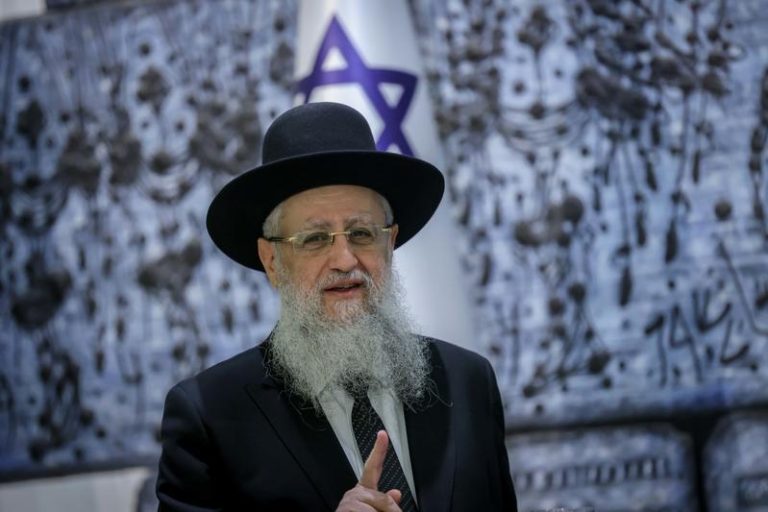 MIDEAST ISRAEL JEWISH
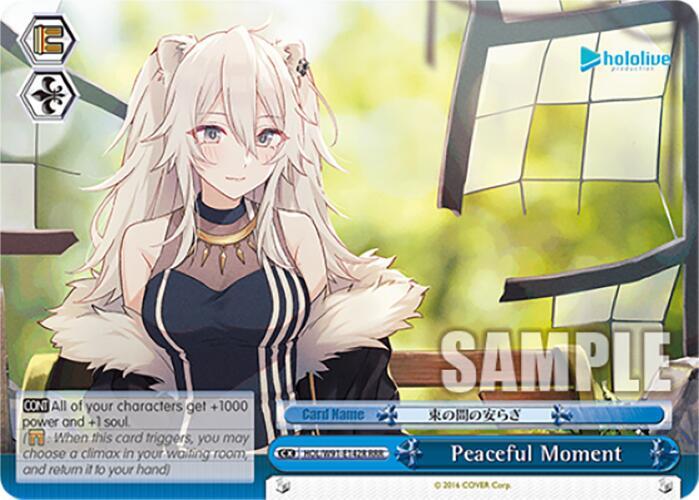 Peaceful Moment (RRR) - [hololive production] | Gear Gaming Fayetteville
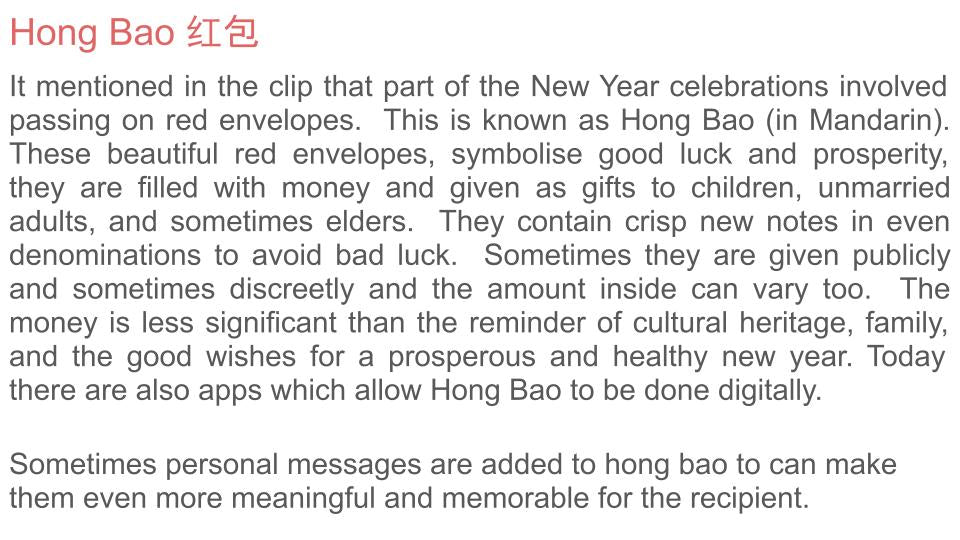 Chinese (Lunar) New Year Lesson or Tutorial / Assembly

________________________

Exercise aim
Once the line containing "Peaceful Moment (RRR)" has been found, write out exactly that line and each one after it through the end of the data, leaving out every picture.

Completed task
 Peaceful Moment (RRR) - [hololive production] | Gear Gaming Fayetteville
 Chinese (Lunar) New Year Lesson or Tutorial / Assembly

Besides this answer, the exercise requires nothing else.